Along with Vile and his band, John Agnello co-produced the album. Agnello is a former ’70s/’80s studio-rock pro who somehow became Dinosaur Jr.’s go-to guy, so he knows something about mystic, distractable guitar heroes. But he doesn’t record Vile like a rocker; he lets him amble and wander and mutter to himself, making sure the softest sounds he makes are preserved in all their pillowy intimacy. Vile, like J Mascis, is the type to interrupt himself mid-sentence with a guitar solo, and he does it at least once on the album. The first and last songs on the LP hover around the 10-minute mark, with Vile only stepping to the microphone when he and guitarist Jesse Trvovich have said all they need to say with their fingers. And once the mood sets in, it only slightly registers when one song transitions into another, when anything changes. Waking On A Pretty Daze is an album so devoted to looking around, to taking stock in a moment, that you barely notice when the moment is over. If you’ve got an afternoon to kill, you should spend it with this album, splaying out on a blanket and staring at the sky, maybe with a baby crawling over your chest. I like to think that’s what Vile was doing while he wrote the thing. And if he’d been something other than the faraway goofball whose live show I hated so much, could he have embodied that feeling? Probably not. Sometimes, it takes a dreamer to get shit done.

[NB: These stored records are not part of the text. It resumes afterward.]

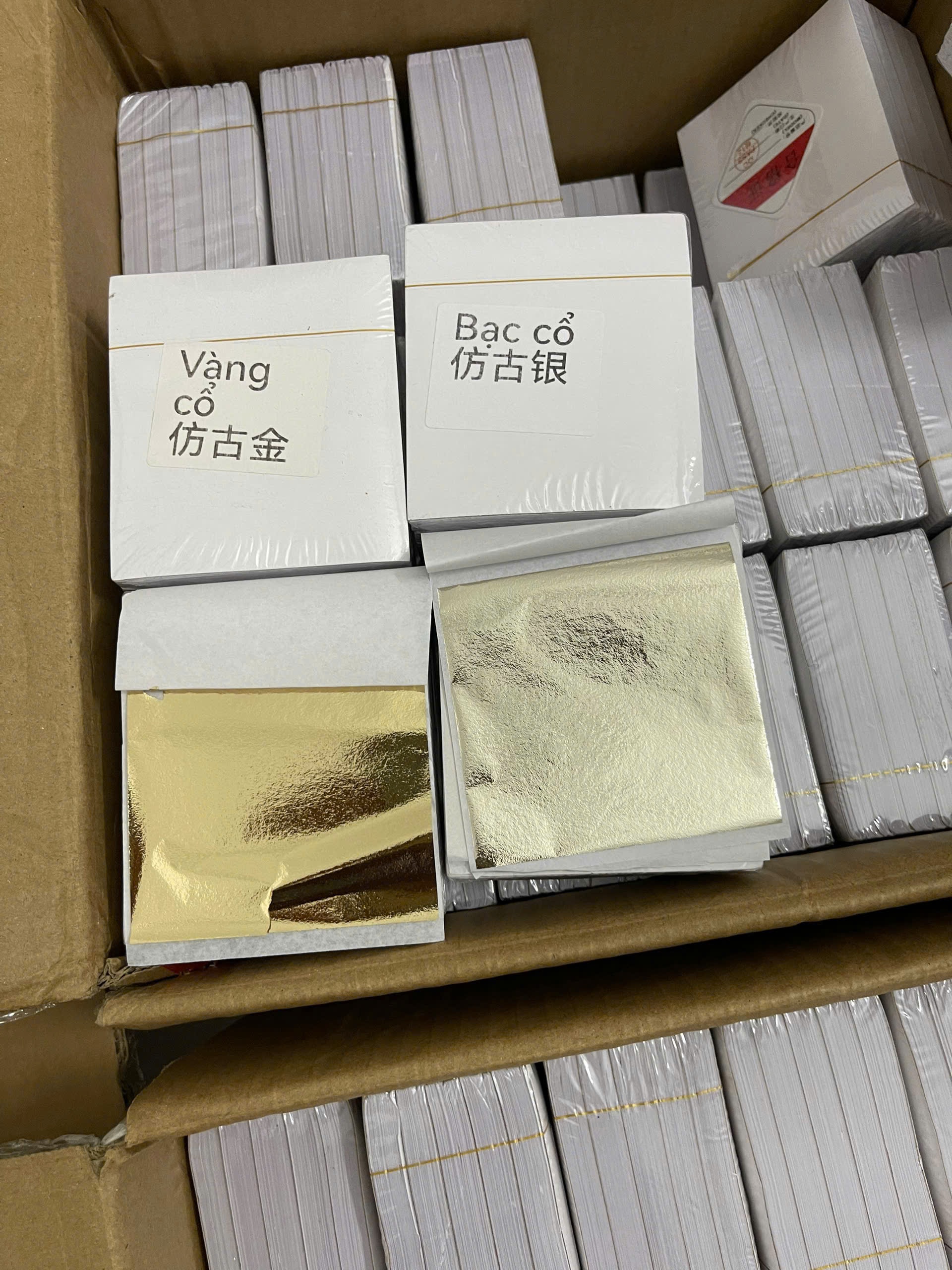 [CHACO] 1000 miếng vàng đa sắc trang trí nghệ thuật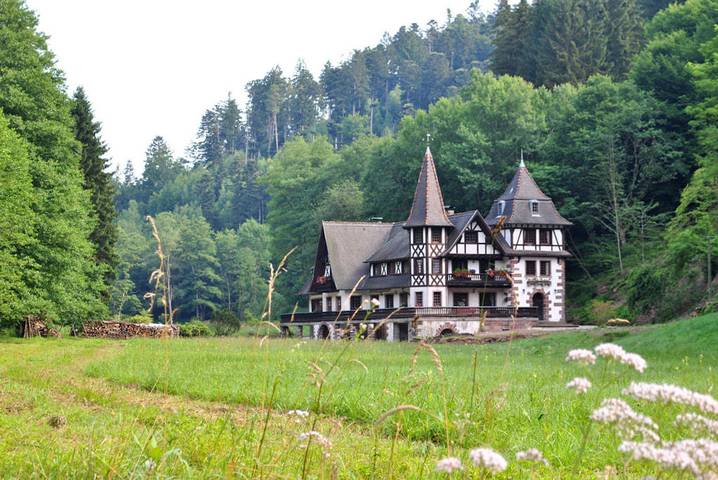 Gîte pour 12 personnes, avec Balcon et Terrasse ainsi que Jardin et Sauna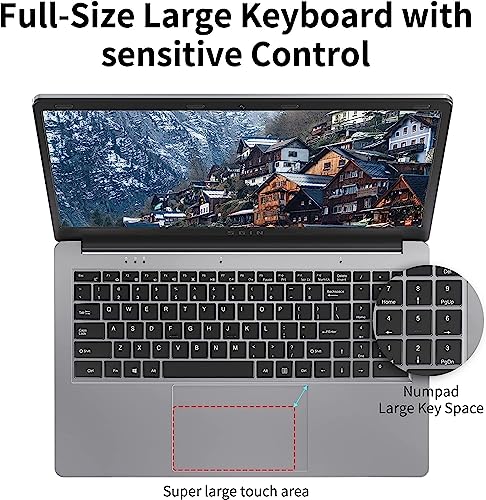 SGIN 15.6 Inch Laptop, 4GB DDR4 128GB SSD Windows 11 Laptops with Intel Celeron Quad Core J4105(up to 2.5 GHz), Intel UHD Graphics 600, Mini HDMI, WiFi, Webcam, USB3.0, Bluetooth 4.2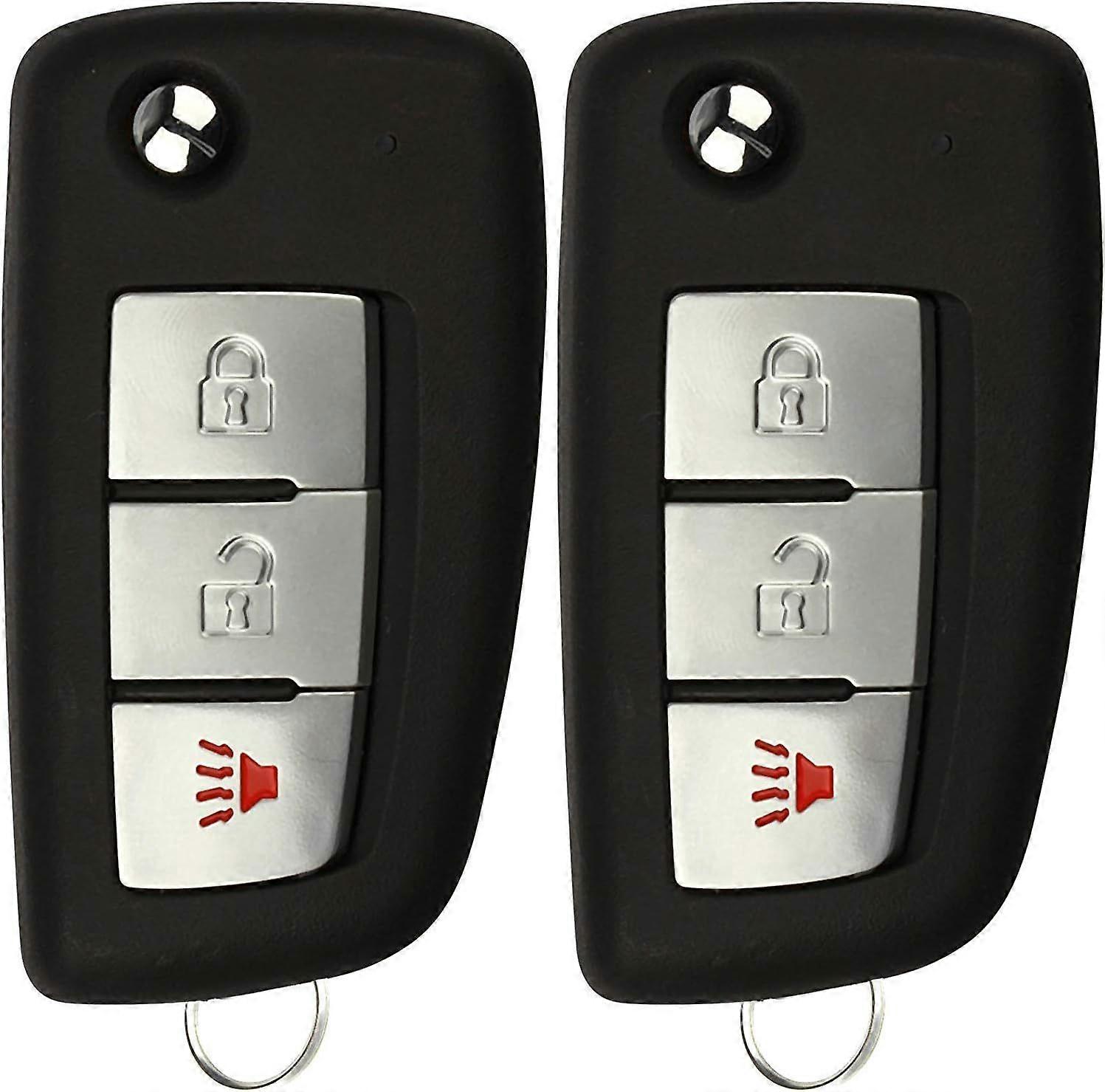 KeylessOption Keyless Remote Uncut Folding Key Fob for Nissan Frontier Murano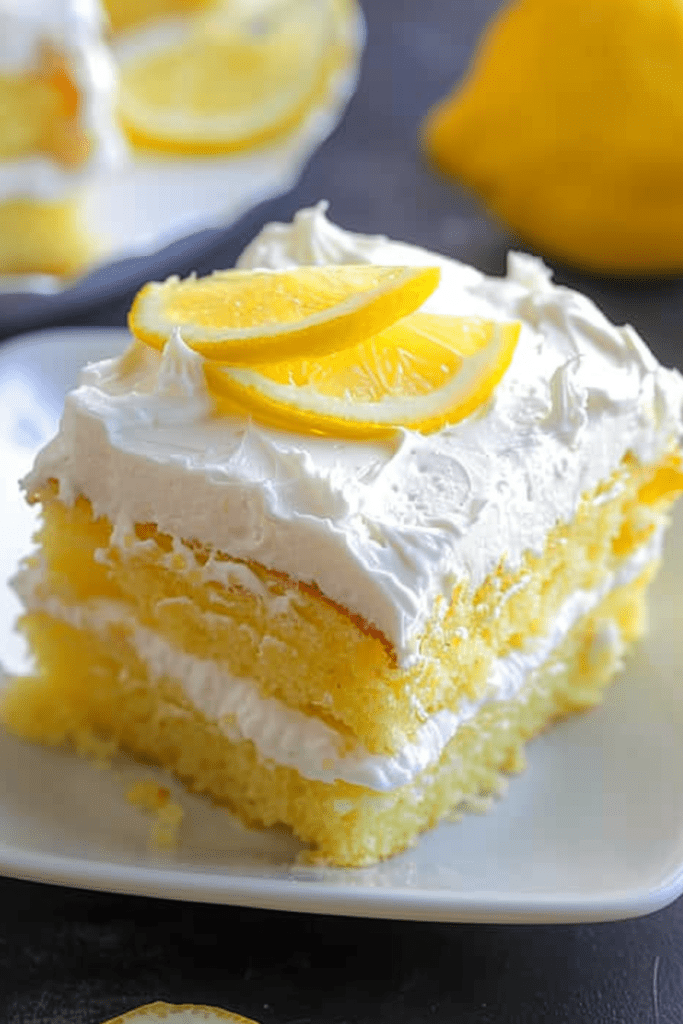 Baking Lemon Poke Cake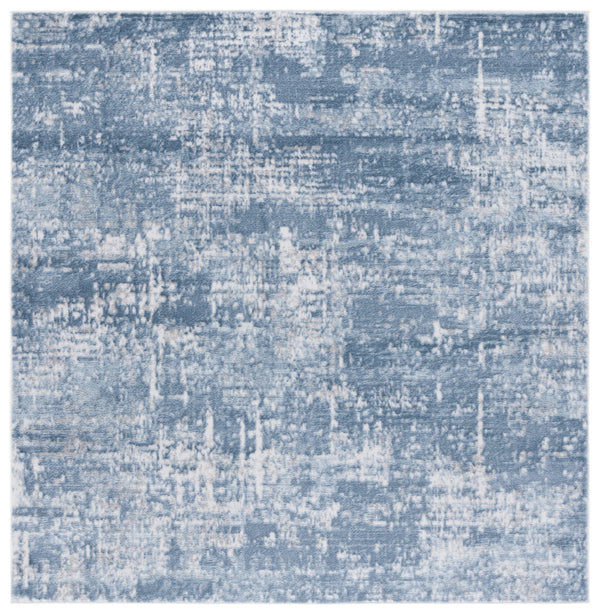 Safavieh Amelia Ivory And Steel Blue Runner Rug — Power-Loomed Turkey, Low-Profile Durable Hallway Accent 2'-2" x 14'-0" ALA700D-214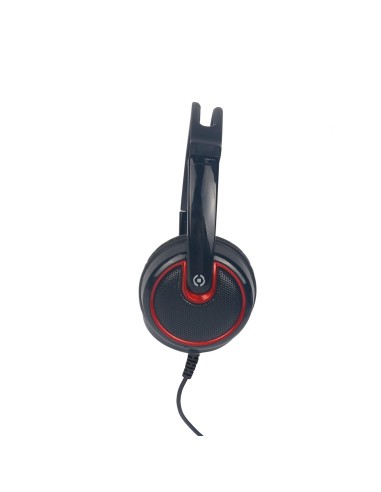 Celly GameBeat Auricolare Cablato A Padiglione Gaming Nero, Rosso
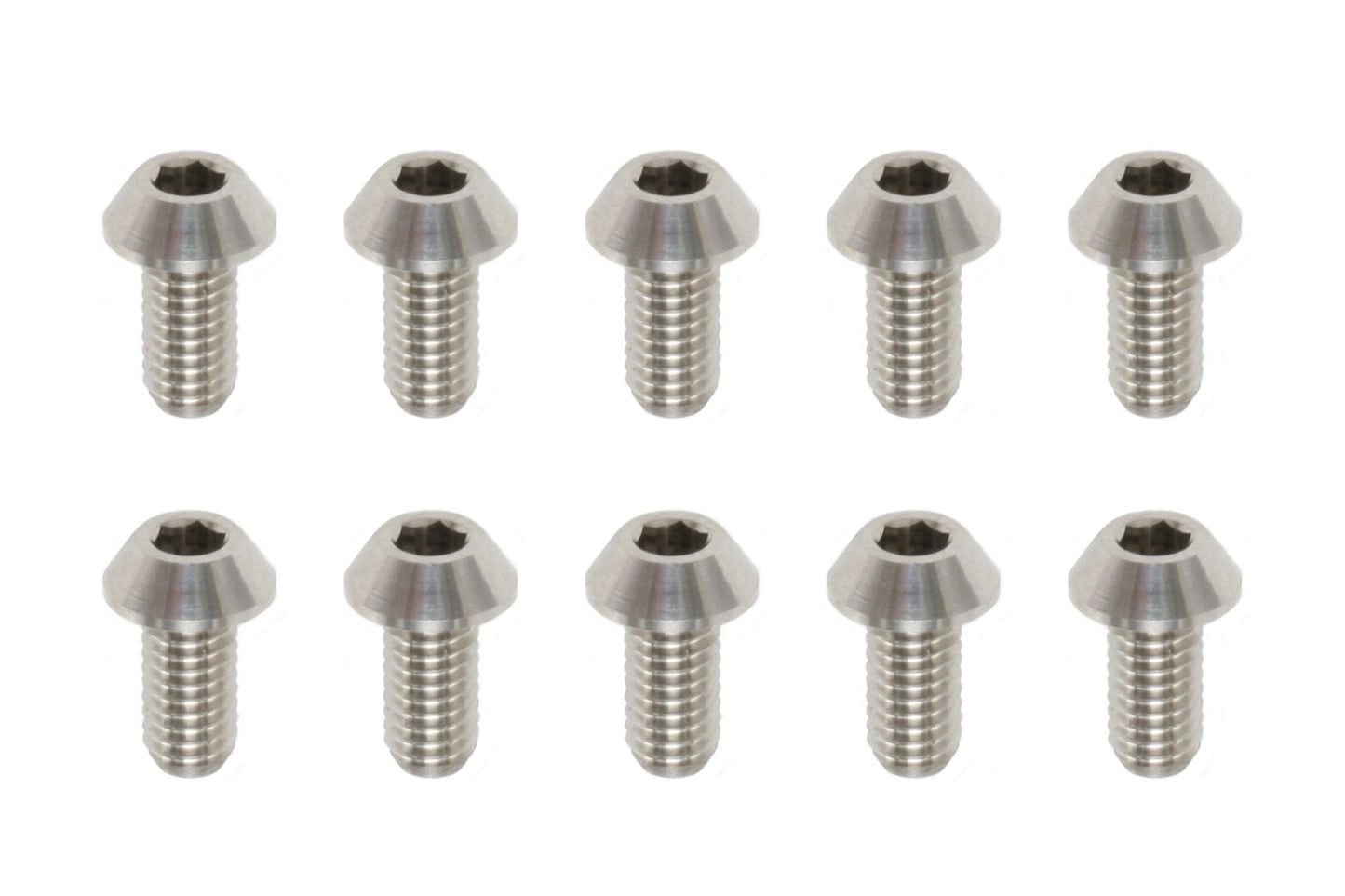 RP-041061A Racing Performer M3x6mm Titanium Button Head Socket Screws (10)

Waking On A Pretty Daze is out now on Matador.
Kurt Vile – “Wakin On A Pretty Day”
Other albums of note out this week:
• The Knife’s vast and forbidding comeback Shaking The Habitual.
• James Blake’s artfully funky Overgrown.
• M83’s soundtrack album for the sci-fi movie Oblivion.
• Justin Vernon’s blues-rock side project the Shouting Matches’ amped-up Grownass Man.
• White Fence’s sputtering lo-fi psych-rocker Cyclops Reap.
• Young Man’s trilogy-completing indie-pop opus Beyond Was All Around Me.
• Former Beta Band singer Steve Mason’s solo move Monkey Minds In The Devil’s Time.
• Orchestral Manoeuvres In The Dark’s classical synthpop throwback English Electric.
• Team Spirit’s cranked-up, partied-out self-titled garage rock debut.
• SZA’s arty R&B excursion S.
• Neon Indian’s remix EP Eratta Annex.